SF Examiner, April 7, 2016


The third “Housing Balance Report” from the City Planning Department was quietly released last week, coincidentally one day before April Fool’s Day and one week before a Planning Commission hearing today. And the punchline is … wait for it … the citywide housing balance of net new affordable housing from 2006 through 2015 is down to 13 percent. The last report in September had it at 15 percent, the July report before that was at 16 percent. The trend line is pretty clear. Overheated real estate development cycle, declining percentage of affordable housing.

And what is being built currently? Wait for it … only 14 percent of all new development now under construction or with active building permits will be affordable to anyone earning less than 120 percent of median income (a San Franciscan earning less than $85,000 per year). And for most market-rate housing today, you have to earn much, much more than $85,000. This bleak news comes at a time while San Francisco is experiencing one of its worst gentrification cycles in history.

Looking even further ahead to the next round of development — based on the entitlement “pipeline” of projects, the Housing Balance Report shows a whopping 15 percent affordable housing (the report does note that this number may increase if more developers commit to provide on-site inclusionary units in their projects).

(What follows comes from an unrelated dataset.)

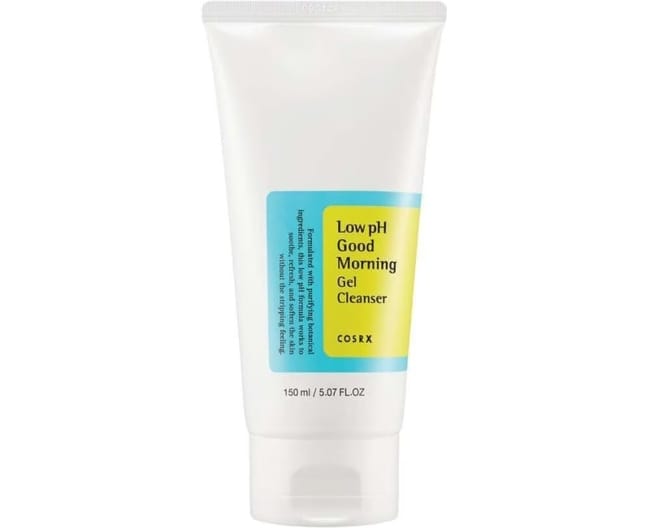 8 Pembersih Wajah yang Bagus untuk Membersihkan Kulit - Alodokter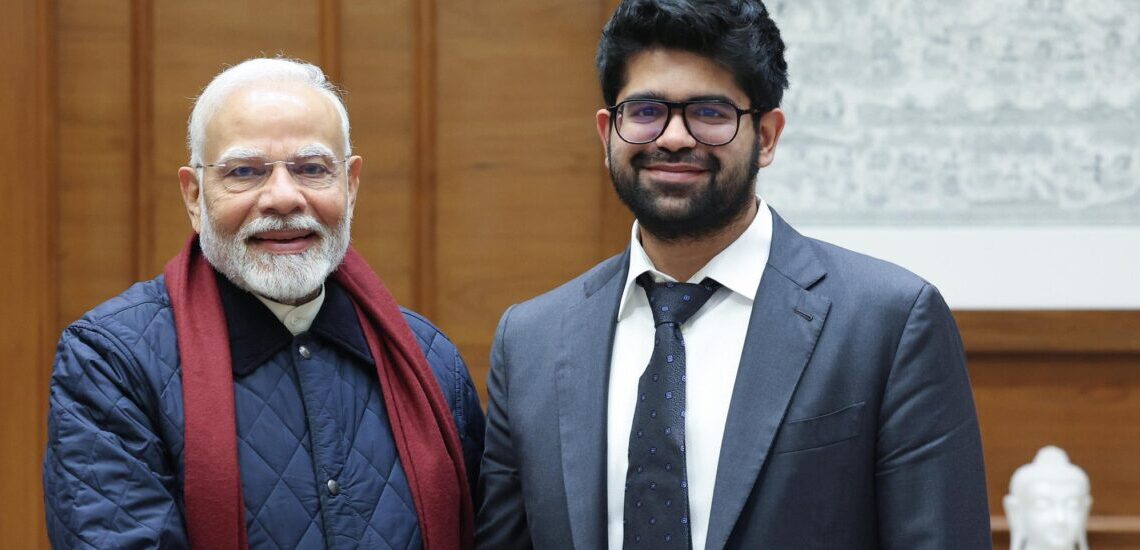 aravind-srinivas-e1742799167275-1170x550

And the problem is not just about production — these Housing Balance Report numbers make clear how the loss of protected rental units completely undermines The City’s efforts to build more affordable housing. More than 4,100 housing units have been removed from the affordable housing supply over the last ten years through condo conversions, demolitions, owner move-in evictions, Ellis Act evictions and other means (not including tenant “buyouts” which are dramatically on the rise as well). Across The City there is a ratio of three existing units lost for every four new affordable units produced. At a more local level, the affordable housing balance is actually negative in nine out of the 15 neighborhood-level “planning districts”! If the upward trend of evictions and lost protected rental units continues, that already-paltry 15 percent projected housing balance may be eroded even further.

Is there any wonder why we have a housing affordability crisis in San Francisco?
Across The City there is a great need to correct that imbalance of low and moderate/middle income housing for San Franciscans compared to the rate of market-rate housing production. And we are far behind the goal of minimum 33 percent affordable housing set by the voters in Proposition K back in 2014 and way, way, way behind the actual need of 57 percent affordable housing per The City’s General Plan Housing Element, based on job growth projections across the income spectrum.

There are a lot of numbers thrown around these days about housing goals and aspirations of an affordable city for all. But the numbers here are a reality check, and they are sobering. All is clearly not well in the housing “market.” Here in this Housing Balance Report authored by the Planning Department we have the real story. This is from The City’s own building permit data, and The City’s own planning pipeline data, and The City’s own rent board data. It doesn’t get more truthful than this. Thirteen percent affordable and dropping! We as a city have a real job to climb back out of this hole.

Peter Cohen and Fernando Martí are co-directors of the Council of Community Housing Organizations.